Late in 2013, Senior Vice President of Retail Banking Jay Tuli gathered the community bank’s software developer, operations analyst, customer-service expert and product manager. They envisioned a product that would let landlords collect rent online by ACH payments at a set date.

Rather than think about the how-tos, “we built out what the final product would look like first, like building a house,” Tuli explains. The final concept developed was a digital lockbox called ZRent.

Only after everyone agreed on the concept did the product go to marketing to create graphic slides, which took three months. Then came software development and coding for nine months, and beta testing for four more. Rollout was Feb. 1.
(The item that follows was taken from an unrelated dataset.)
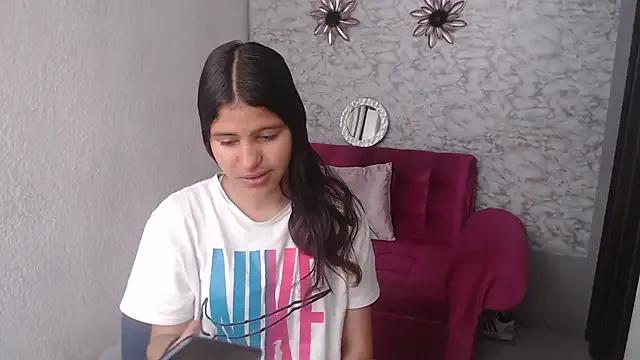 Evagirl69 on StripChat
The selling point for tenants: a free service that automatically collected rent from any bank account with no stamp, no envelope and, in the case of housemates, no coordination or nagging. The selling point for landlords: predictability, no fuss, no deposit chore—and the ease of a dashboard to track all properties and payments. Landlords without a Leader Bank account pay for ZRent on a sliding scale.

Leader Bank’s lockbox and commercial customers, those with loans but no accounts, “find it hugely beneficial,” Tuli reports. The service has brought the bank 50 new accounts and $500,000 in deposits so far and made current customers more stickier, he says.

“We were surprised that you don’t need a ton of new people to have an impact,” says Tuli. Roughly 100 landlords and 300 tenants using ZRent have boosted business for the bank, and word of mouth is taking over. The bank is also white labeling the service for other community banks.

What Tuli thinks worked about the process—and his advice to other community banks in innovating—is encouraging creativity. “If you start thinking about the bureaucratic how-tos, that’ll kill your idea,” he says.

“Once you know what you have and what it can do to solve the customer’s problem, then go back and figure out the how. Otherwise you burn out the creativity.”

Ellen Ryan is a freelance writer in Maryland.